Both mothers and fathers are exhorted to make it their responsibility to pastor their children. This does not mean that such things as church activities or Christian school education are forbidden, but rather that they are supplements to the loving biblical instruction of Christian parents.

Because parents are with their children at the most opportune times, they are wise to integrate their biblical instruction as God providentially provides teachable moments. It is wise for families to have regular and planned times for such things as Bible reading, prayer and worshipful singing. Nevertheless, there are moments throughout the course of a child's day when his or her heart is open for strategic instruction.
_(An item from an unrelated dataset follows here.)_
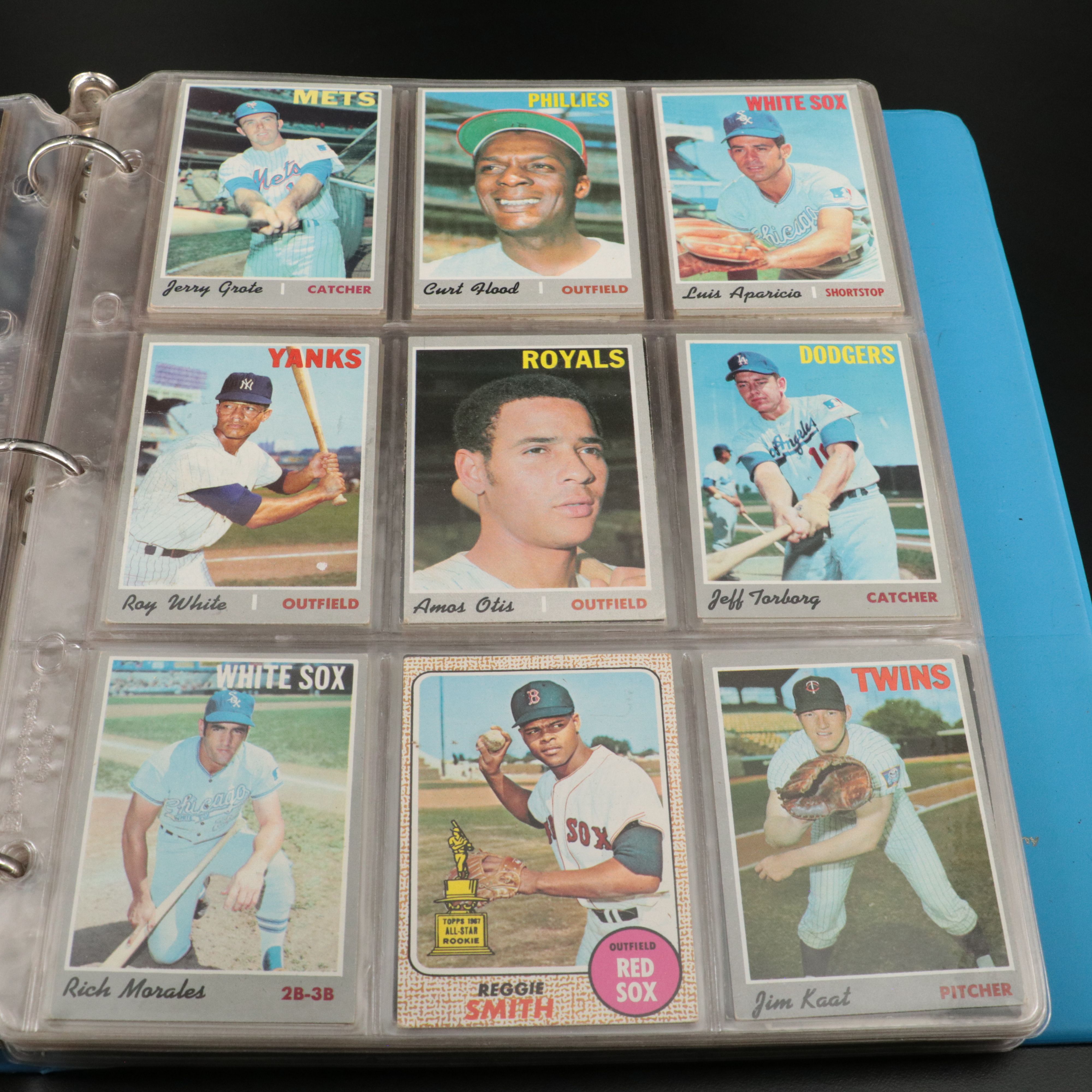 Two Albums of Vintage Baseball Cards, 1953 to 1979, Mainly Topps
A Spirit-led, prayerful parent will capture sacred moments to instruct and/or correct their child as needed.

Perhaps the clearest command for integrated parenting is Deut 6:4-9 ESV:

"Hear, O Israel: The Lord our God, the Lord is one. You shall love the Lord your God with all your heart and with all your soul and with all your might. And these words that I command you today shall be on your heart. You shall teach them diligently to your children, and shall talk of them when you sit in your house, and when you walk by the way, and when you lie down, and when you rise. You shall bind them as a sign on your hand, and they shall be as frontlets between your eyes. You shall write them on the doorposts of your house and on your gates." 

While it is likely that every Christian parent would agree with these principles of pastoral parenting, most would likely also admit they struggle to know how to make this happen practically. So, as a pastor and daddy, I took some experiences with my wife Grace and our five children, ages three to eleven, and began sharing them with our church.

Some months ago we started a new tradition at the Driscoll dining table that has been a blessing. Whoever is taking their turn setting the table ensures that our "dinner Bible," as the kids call it, is sitting in front of "Poppa Daddy," as the kids call me.

Throughout the course of our dinner together, we chat about how the day went, how everyone is doing, and whom we can pray for, as well as discuss a section of Scripture. Over the years we have always made it a point to read Scripture to the children when they were little (especially at bed time), and help them develop personal daily Bible reading habits once they learned to read for themselves. However, we struggled to find a way to do regular family devotions with five children of different ages (3-11) and attention spans.